Xiao Tianfa had lived for almost 40 years in the Xinqiao historical residential area, a group of walled houses of the Hakka people in Shenzhen's northeastern Longgang district. The 84-year-old was born, grew up and spent half of his life there.
Although he moved to a nearby place in the late 1970s, he still came to visit his old house from time to time.
Referring to the Hakka village where his previous home is located, he said, "I have witnessed its remarkable change from a rundown area to a modern example of low-carbon development.
"In the past, houses in the village were filled with waste. Roof tiles could fall off anytime. The environment was quite poor at the time," he recalled.
But now, it has become the first "near-zero carbon" community in Shenzhen and a pilot demonstration area for the city's low-carbon development, featuring more than 140 types of "green "technology.
The village, which covers 36,000 square meters and has about 400 residents, currently produces 680 tons of carbon each year, of which 600 tons are offset by using green technology, said Zhang Yalong, executive dean of the Shenzhen Institute of Sustainable Development.
Reduction of the remaining 80 tons of carbon is left to local residents in an initiative to promote green life, he said. "They each have a carbon personal account and are encouraged to cut their carbon footprint by changing living habits, modes of transportation and other things."
The transformation of Xinqiao reflects how Shenzhen is pressing ahead with the green transition to contribute to helping fulfill China's national goal of peaking carbon dioxide emissions by 2030 and achieving carbon neutrality by 2060.
The metropolis in South China is one of the country's first low-carbon pilot cities.
According to government data, Shenzhen's carbon dioxide emissions per unit of GDP dropped by about 70 percent in 2020, compared with the level in 2005. Energy consumption per unit of GDP stood at one-third of the nation's average in 2020, while carbon dioxide emissions per unit of GDP were one-fifth the nation's 2020 average.
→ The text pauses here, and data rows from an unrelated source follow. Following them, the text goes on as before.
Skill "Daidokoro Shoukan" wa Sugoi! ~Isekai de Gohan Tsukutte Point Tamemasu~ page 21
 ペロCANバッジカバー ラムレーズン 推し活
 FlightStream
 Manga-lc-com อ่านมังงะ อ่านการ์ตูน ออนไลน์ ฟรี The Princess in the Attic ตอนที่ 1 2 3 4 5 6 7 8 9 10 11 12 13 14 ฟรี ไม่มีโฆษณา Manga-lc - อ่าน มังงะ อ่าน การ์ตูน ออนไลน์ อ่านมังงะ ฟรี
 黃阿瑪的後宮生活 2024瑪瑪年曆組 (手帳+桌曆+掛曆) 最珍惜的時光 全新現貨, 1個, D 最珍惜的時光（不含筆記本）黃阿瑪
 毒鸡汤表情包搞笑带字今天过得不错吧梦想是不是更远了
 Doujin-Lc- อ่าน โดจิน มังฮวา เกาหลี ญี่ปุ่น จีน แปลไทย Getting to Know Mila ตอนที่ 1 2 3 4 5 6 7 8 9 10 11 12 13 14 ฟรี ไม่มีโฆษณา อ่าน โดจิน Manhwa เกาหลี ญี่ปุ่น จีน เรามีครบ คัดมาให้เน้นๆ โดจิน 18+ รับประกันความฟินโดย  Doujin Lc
In late 2021, Shenzhen launched its 14th Five-Year Plan (2021-25) on ecological environmental protection, which mapped out the blueprint for the city's green development in the coming years. According to the plan, the eco-environmental quality of Shenzhen will reach an internationally advanced level by 2025. The city will formulate a low-consumption, low-emission, circular and sustainable way of development and strive to take the lead in achieving the nation's dual carbon goals.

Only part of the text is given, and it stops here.